June 10, 2002.
Early in the afternoon, members of the National Association of Real Estate Editors (NAREE) went by subway to the closest remaining station to the WTC site. It was like a school outing, with group leaders in red caps leading the way. We emerged in the bright sun at Church Street, which runs on the east side of the site. The wooden fencing at street level makes it look like nothing more than an enormous construction site.
Turning west, we followed a long, enclosed construction-area scaffolding tunnel along the former Liberty Street, which at one point passed by a closed fire station, the one closest to the site, its entrance plastered with photos and memorials of all descriptions. The tunnel led to 2 World Financial Center, part of a complex close to the Hudson River that had survived and is partly open, but largely devoid of people even now. Our group was scheduled to meet on the 12th floor of the building, in former Merrill Lynch offices. From that vantage, I saw the entire sweep of the 16 acres or so of the WTC site.
(Notes written on the 12th floor of 2 World Financial Center:
(From here you can see the world’s most famous vacant lot. It’s quite large, and deep, looking something like an active quarry, but you don’t realize its scale until you focus on the earth-moving equipment and the workers, who are almost specks off in the pit. Faced with this hole, I’m having trouble visualizing what used to be here. Maybe that’s because the last — and only — time I saw the Twin Towers close up was on a visit to the top in 1983, but another man standing at the windows remarked that he felt the same way, though he used to see them often.
(It is a haunting place to see, and I’m reminded of other sites of great violence that I’ve seen in person — even greater violence, in terms of the number of people killed, since I’m thinking of Hiroshima and Auschwitz.

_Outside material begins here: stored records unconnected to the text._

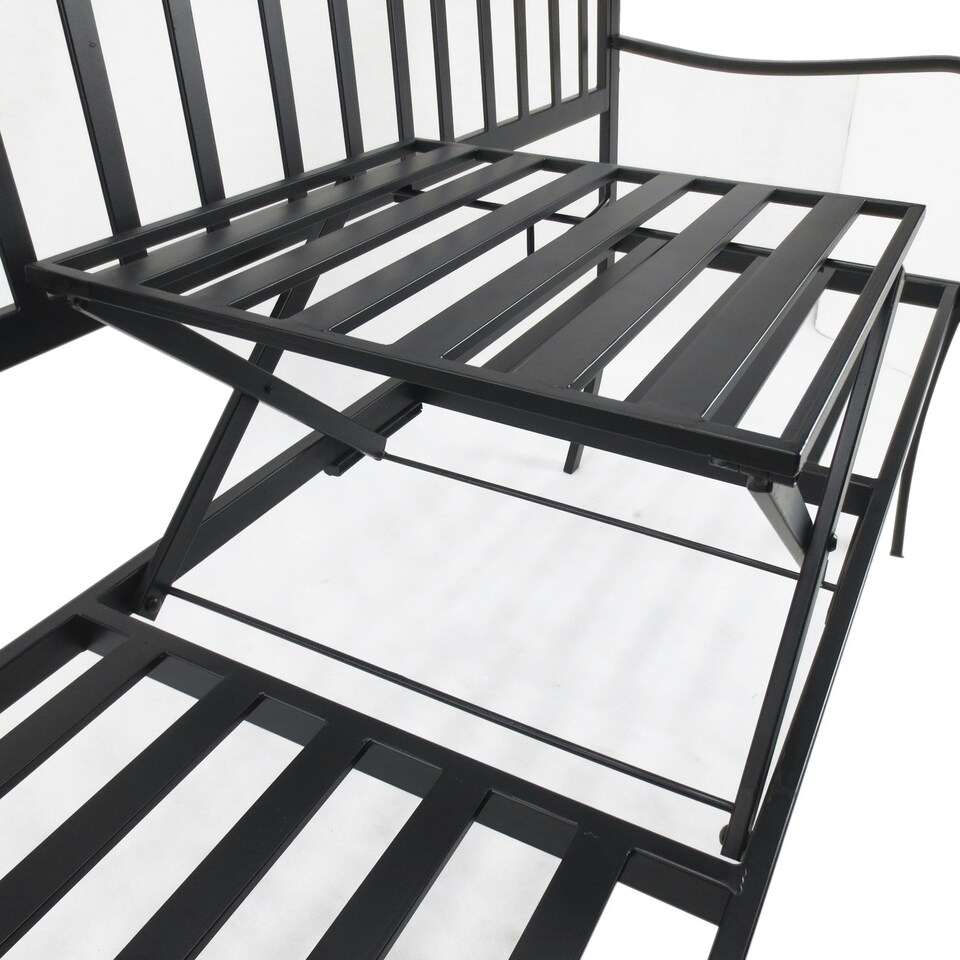image 1 of Outsunny Outdoor Metal Frame 2 Seater Bench Patio Park Garden Seating Chair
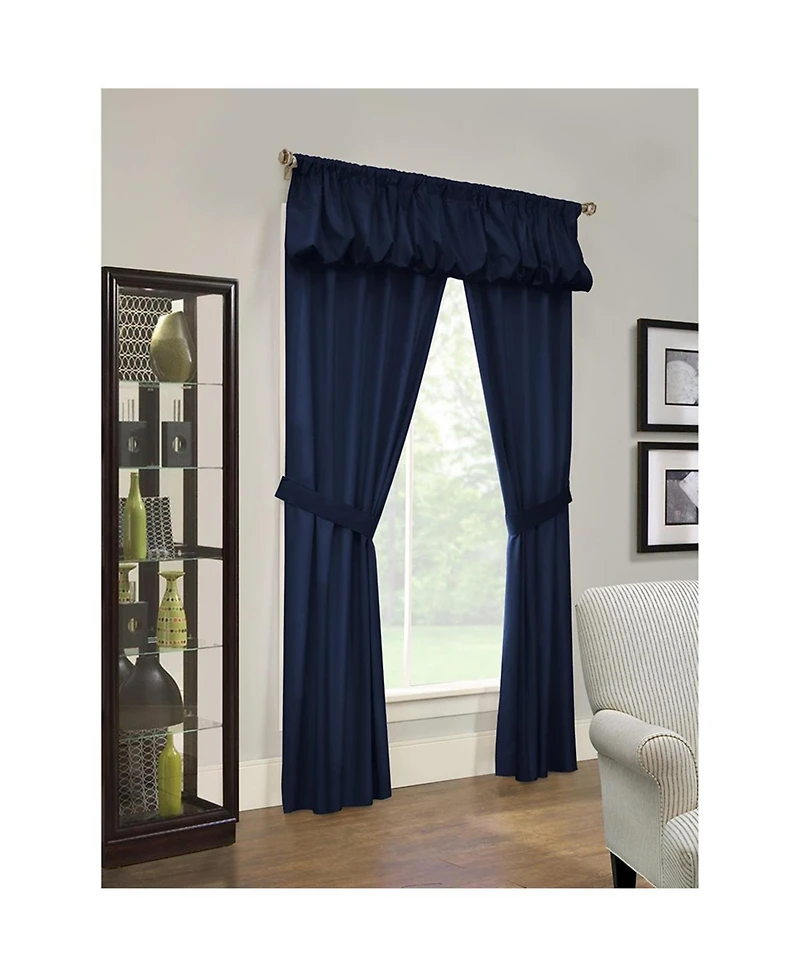 Commonwealth Prescott 5-Piece Window Covering Set With 3" Rod Pocket - 80"x63" - Navy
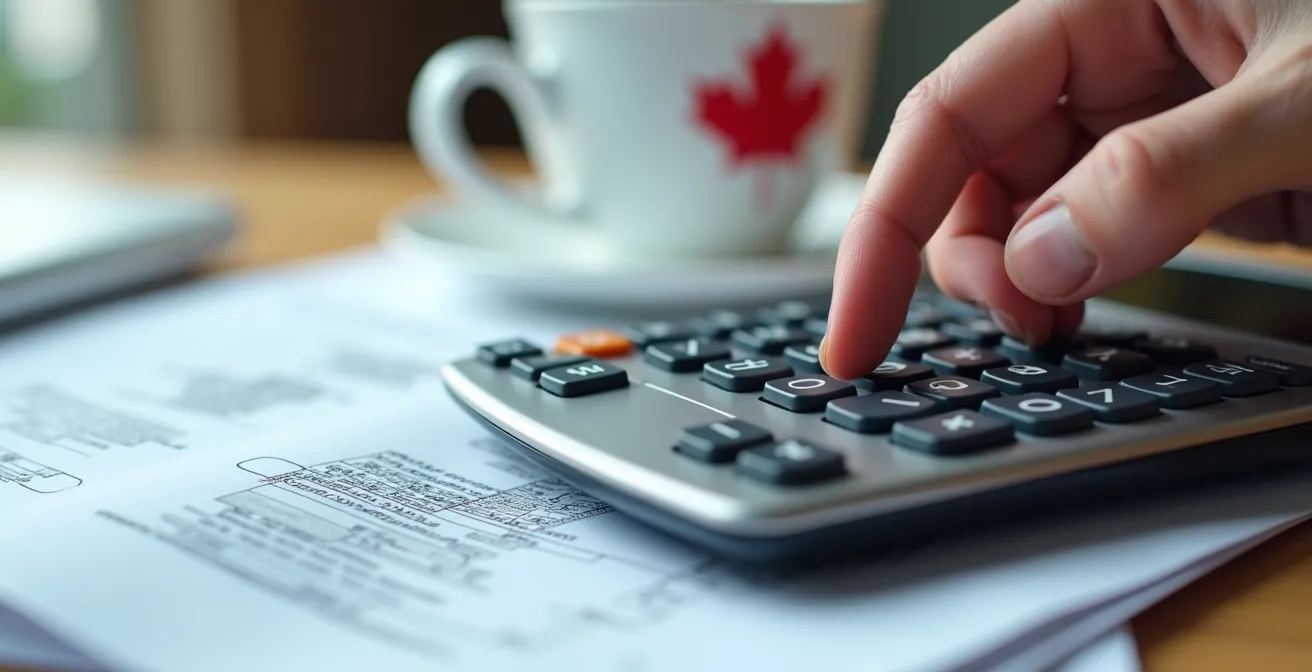 Calculatrice et documents financiers sur bureau de propriétaire immobilier québécois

All very different in character and historic circumstance, but with the common thread of mass death.)
The conference involved a handful of speakers discussing the debris removal at the WTC site, an amazingly complicated effort, and the hurly-burly involved in redeveloping it. Then, to add to the surrealness of the day, NAREE held a cocktail reception afterward on the floor of the New York Stock Exchange, which isn't far away. It's a primary rain forest of electronic equipment — the guts of the capitalist beast — no, the sinews of the Invisible Hand. At the conclusion of the function, I left the Exchange and lingered for a while on the steps of Federal Hall. That sort of thing appeals to someone historically minded like me, since Washington was inaugurated on those steps on April 30, 1789.
You’d think that would be enough for one day, but no. I walked south to the tip of Manhattan and caught the Statton Island Ferry. The purpose of the trip was simply to ride the Statton Island Ferry, since I rode it back as soon as I got there. And I was rewarded with a sunset view of Manhattan. Even that was strange. The skyline looked like it had lost its two front teeth.